━━━━━ Material for this exercise ━━━━━

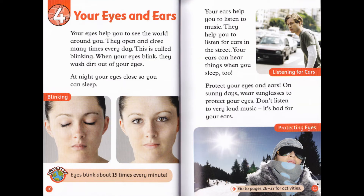Chapter 4: Your Eyes and Ears. Your eyes help you to see the world around you. Discover: they open and close many times every day — this is called blinking. When your eyes blink, they wash dirt out of your eyes. At night, your eyes close so you can sleep. Discover: eyes blink about fifteen times every minute.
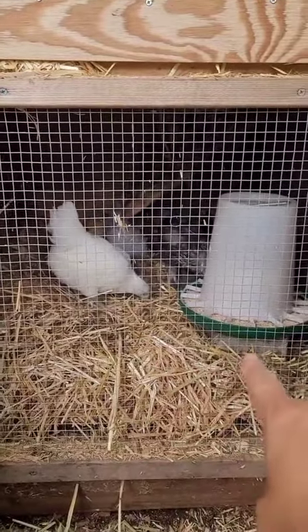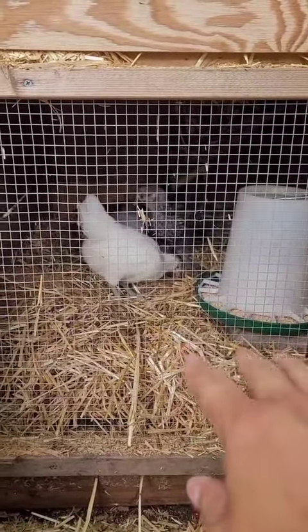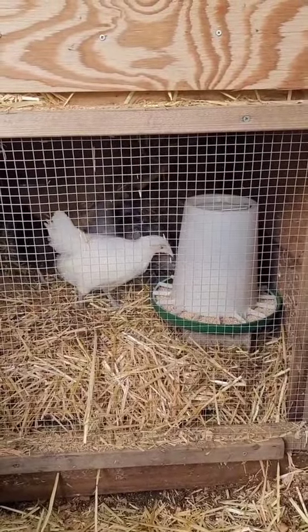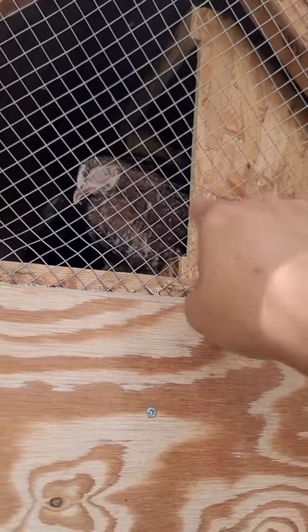Hopefully they'll get accustomed to eating down here, and then at night when they go to sleep they'll just go back up. I don't think these chickens know that there's food down here yet, but they'll figure it out. I really like the fact that they're actually up here in the nesting boxes, because last year the other chickens didn't go up here until they started to lay eggs.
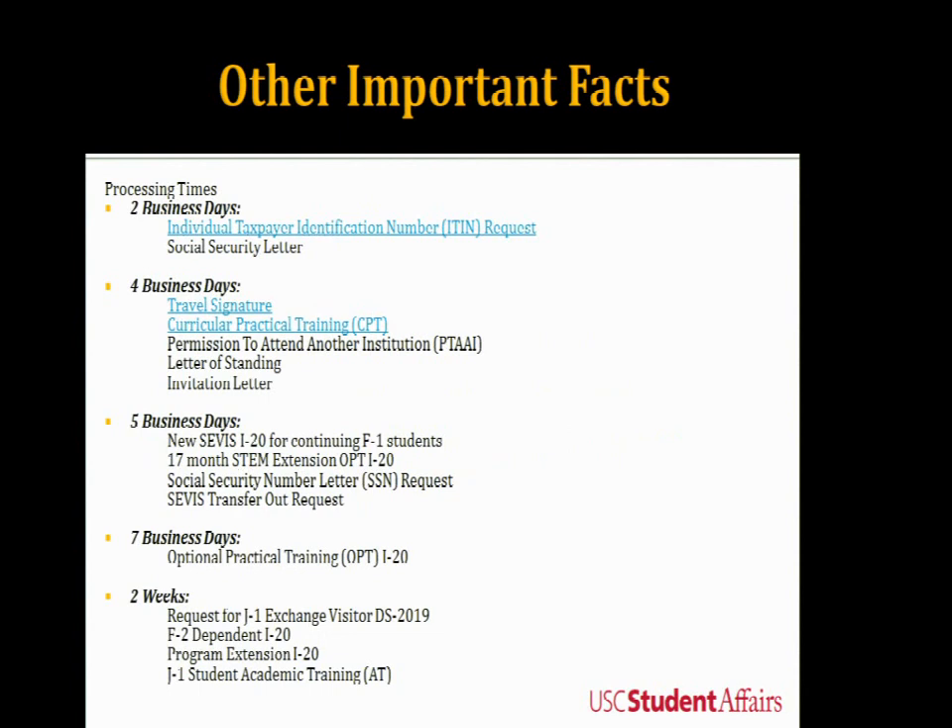OIS has specific processing times. We are the highest enrolled international population in the country, so things may take longer than expected. A Social Security letter takes two business days. A travel signature takes four days. A replacement I-20 takes five business days. Applying for OPT takes seven business days for us to process the new I-20. A program extension takes two weeks. Keep these dates in mind — they are also listed on our website.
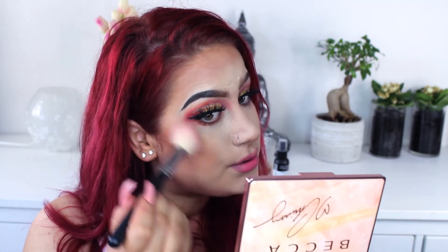Moving on to the blush — I did hear a lot of people complain about it, but I love these types of blushes so I'm very excited about this one. I'm just dipping my brush and tapping it off. The brush looks dirty but it's not — this is a Morphe M405.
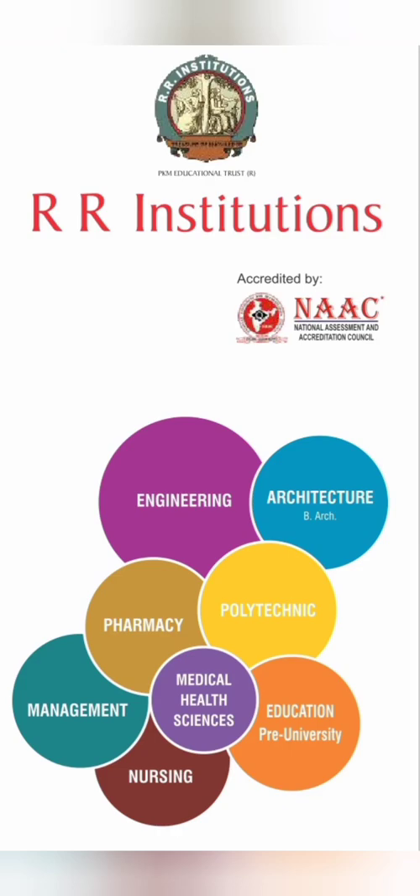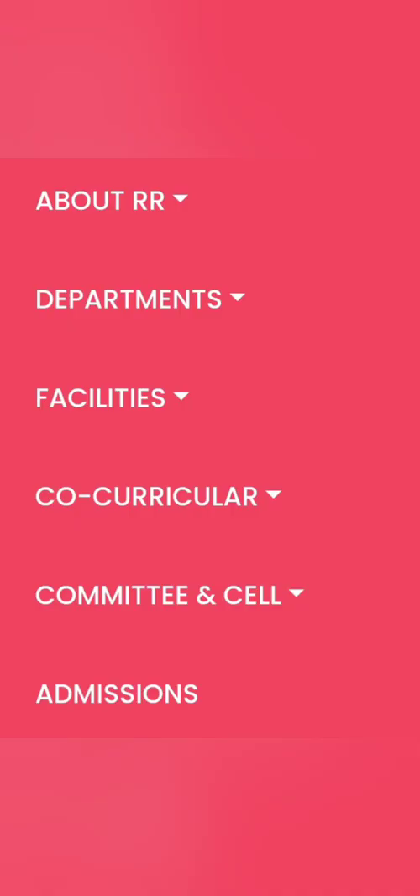Hello friend, good morning, good afternoon, good evening. This is a review of RR Institute of Technology. A lot of you have requested me to review this college so you can take a decision to apply or not. They have a lot of colleges in the group — engineering, architecture, pharmacy, polytechnic, management — but I am going only to review RR Institute of Technology, which is the engineering college. I'll talk about the college facilities, departments, co-curricular activities, events, admission process, and the placement part.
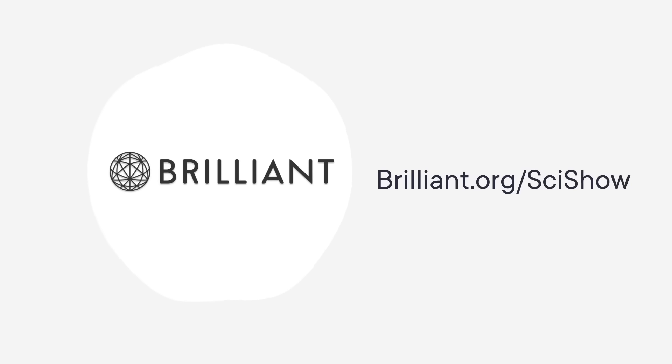Thanks to Brilliant for supporting this video! Because you watch SciShow, Brilliant is offering you a 30-day free trial and 20% off an annual premium subscription at Brilliant.org/SciShow.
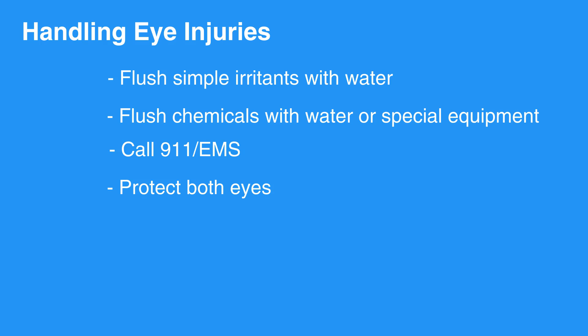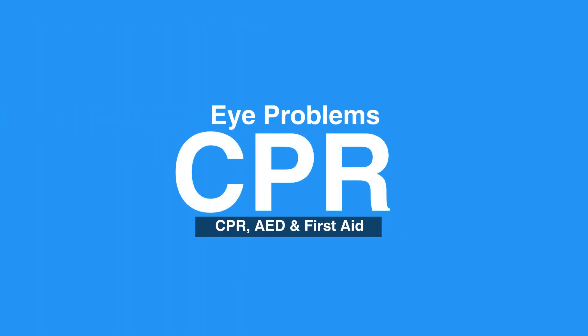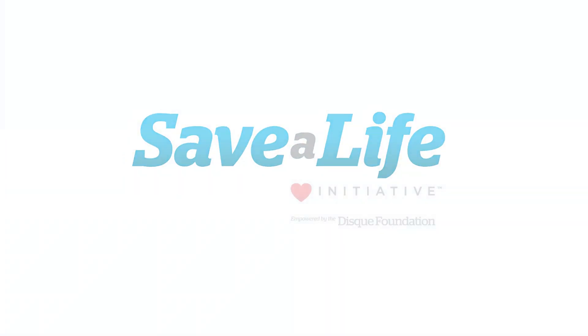Seek help from an eye care specialist to evaluate these injuries. This concludes our lesson on eye problems. Next, we will review head injuries.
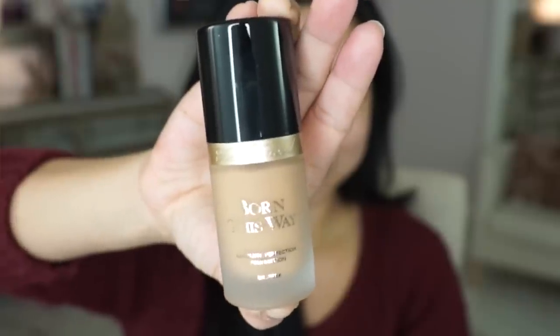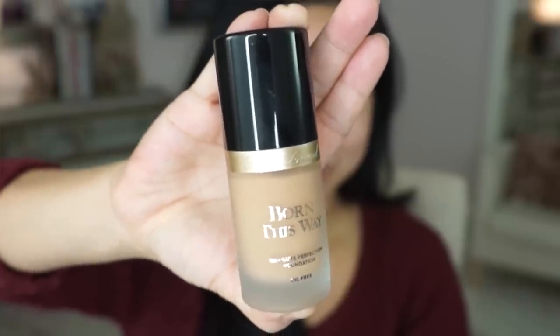Hey guys! So today's first impression has been highly requested since it came out. It's called Too Faced Born This Way. It's an oil-free foundation that has medium to full coverage. I got this at Sephora, it retails for $39, and wow, this packaging is very fancy.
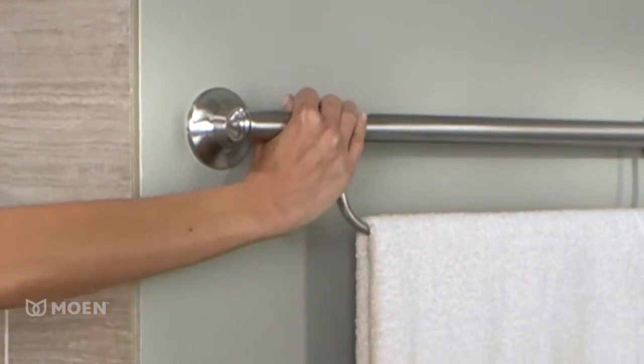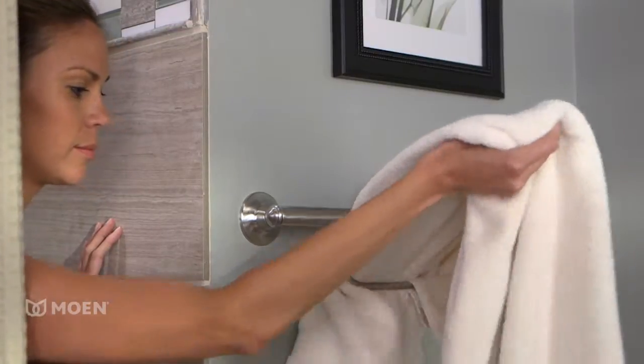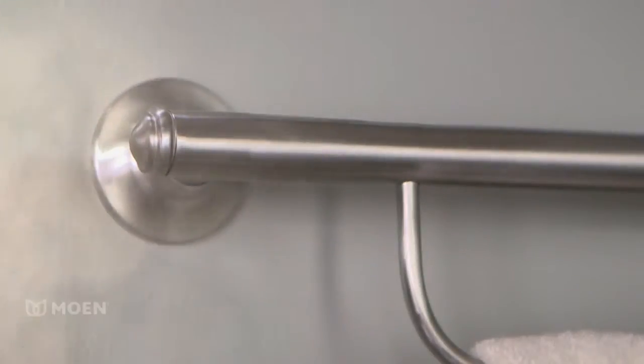The stable 24-inch Grab Bar supports up to 250 pounds and provides assistance for getting in and out of the shower or bath while keeping your towel within easy reach. The Grab Bar is made with corrosion-resistant stainless steel for added durability.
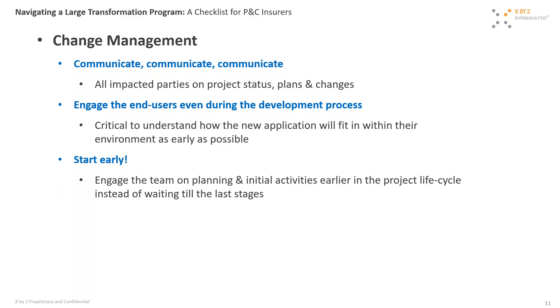The last thing around change management: start the process earlier and include the change management team from the beginning. Often the change management team comes in after most development is done. They themselves don't fully understand the project's scope, and yet they are the front face of your program to end users. It really helps to engage them upfront and get them ingrained in the whole process so they can represent the project better to end users.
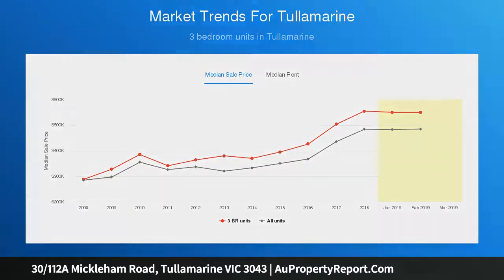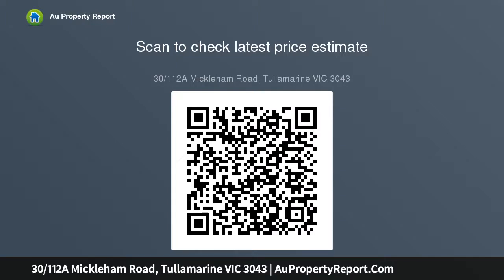Features include gas heating and split-system air conditioning, full-size laundry and security shutters all-round, plus a surprisingly large wraparound courtyard, handy storage shed and rear access into the lock-up garage. Mickleham Road buses out front.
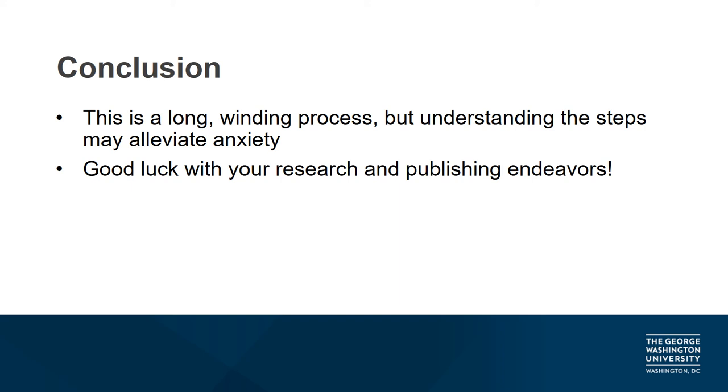The journey from submission to final decision is a winding one with many different branching paths. A significant period of time can pass before you receive a final decision, but knowing and understanding the steps in the editorial and review process may alleviate any anxiety you experience as you wait for that final decision. As stated earlier, the specific time frame of this entire process will vary from journal to journal. If you're interested in knowing the average wait time, explore your selected journal's submission page.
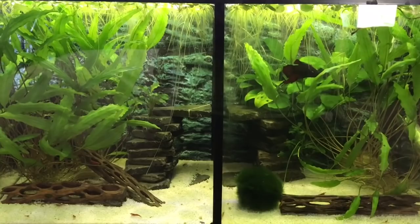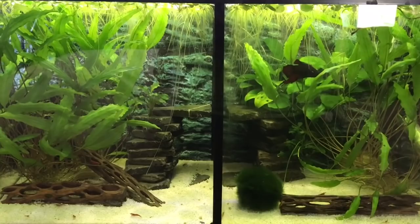I'm going to start with our 10-gallon divided tank. Currently we only have the one betta fish in here and that is Theo. He is our old guy, approximately three years old. He doesn't have a roommate right now.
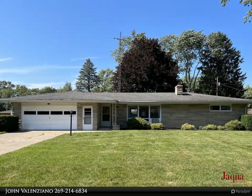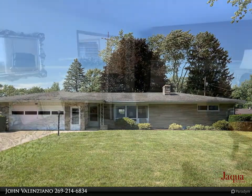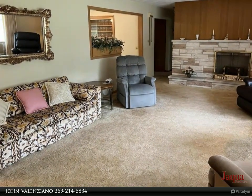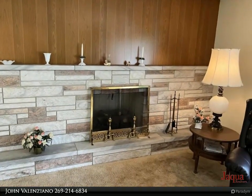Nicely preserved retro ranch in Lakeshore School District with beautiful fieldstone exterior, a spacious nearly half-acre lot, two-car attached garage, and tons of potential. All rooms are generous sizes and there is hardwood flooring under the carpets in the bedrooms.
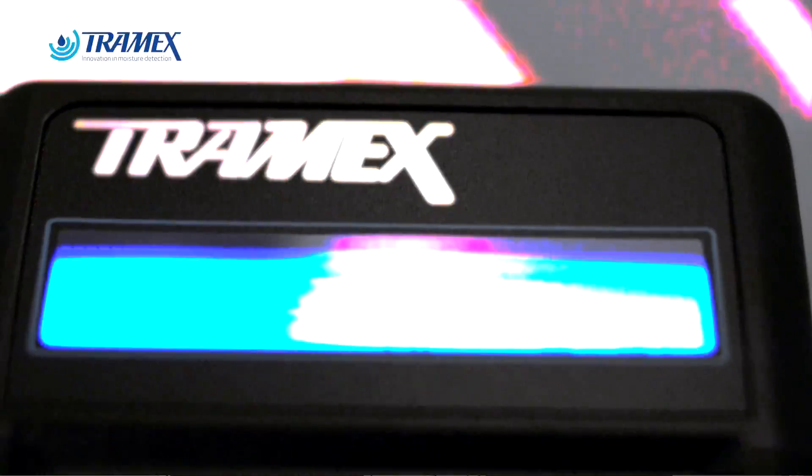Hi, my name is Mike Eggman from Infrared Building Solutions Limited. We are a training and building diagnostics related company. I've used moisture meters for over 25 years. My moisture meter of choice is Trimex moisture meters.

━━━━━

Description of the task: Nothing in the records should be changed in the copy, but the pictures must be left out.

Answer for the task:
Chapter 4: Your Eyes and Ears. Your eyes help you to see the world around you. Discover: they open and close many times every day — this is called blinking. When your eyes blink, they wash dirt out of your eyes. At night, your eyes close so you can sleep. Discover: eyes blink about fifteen times every minute.
Hopefully they'll get accustomed to eating down here, and then at night when they go to sleep they'll just go back up. I don't think these chickens know that there's food down here yet, but they'll figure it out. I really like the fact that they're actually up here in the nesting boxes, because last year the other chickens didn't go up here until they started to lay eggs.
OIS has specific processing times. We are the highest enrolled international population in the country, so things may take longer than expected. A Social Security letter takes two business days. A travel signature takes four days. A replacement I-20 takes five business days. Applying for OPT takes seven business days for us to process the new I-20. A program extension takes two weeks. Keep these dates in mind — they are also listed on our website.
Moving on to the blush — I did hear a lot of people complain about it, but I love these types of blushes so I'm very excited about this one. I'm just dipping my brush and tapping it off. The brush looks dirty but it's not — this is a Morphe M405.
Hello friend, good morning, good afternoon, good evening. This is a review of RR Institute of Technology. A lot of you have requested me to review this college so you can take a decision to apply or not. They have a lot of colleges in the group — engineering, architecture, pharmacy, polytechnic, management — but I am going only to review RR Institute of Technology, which is the engineering college. I'll talk about the college facilities, departments, co-curricular activities, events, admission process, and the placement part.
Thanks to Brilliant for supporting this video! Because you watch SciShow, Brilliant is offering you a 30-day free trial and 20% off an annual premium subscription at Brilliant.org/SciShow.
Seek help from an eye care specialist to evaluate these injuries. This concludes our lesson on eye problems. Next, we will review head injuries.
Hey guys! So today's first impression has been highly requested since it came out. It's called Too Faced Born This Way. It's an oil-free foundation that has medium to full coverage. I got this at Sephora, it retails for $39, and wow, this packaging is very fancy.
The stable 24-inch Grab Bar supports up to 250 pounds and provides assistance for getting in and out of the shower or bath while keeping your towel within easy reach. The Grab Bar is made with corrosion-resistant stainless steel for added durability.
The last thing around change management: start the process earlier and include the change management team from the beginning. Often the change management team comes in after most development is done. They themselves don't fully understand the project's scope, and yet they are the front face of your program to end users. It really helps to engage them upfront and get them ingrained in the whole process so they can represent the project better to end users.
Features include gas heating and split-system air conditioning, full-size laundry and security shutters all-round, plus a surprisingly large wraparound courtyard, handy storage shed and rear access into the lock-up garage. Mickleham Road buses out front.
The journey from submission to final decision is a winding one with many different branching paths. A significant period of time can pass before you receive a final decision, but knowing and understanding the steps in the editorial and review process may alleviate any anxiety you experience as you wait for that final decision. As stated earlier, the specific time frame of this entire process will vary from journal to journal. If you're interested in knowing the average wait time, explore your selected journal's submission page.
I'm going to start with our 10-gallon divided tank. Currently we only have the one betta fish in here and that is Theo. He is our old guy, approximately three years old. He doesn't have a roommate right now.
Nicely preserved retro ranch in Lakeshore School District with beautiful fieldstone exterior, a spacious nearly half-acre lot, two-car attached garage, and tons of potential. All rooms are generous sizes and there is hardwood flooring under the carpets in the bedrooms.
Hi, my name is Mike Eggman from Infrared Building Solutions Limited. We are a training and building diagnostics related company. I've used moisture meters for over 25 years. My moisture meter of choice is Trimex moisture meters.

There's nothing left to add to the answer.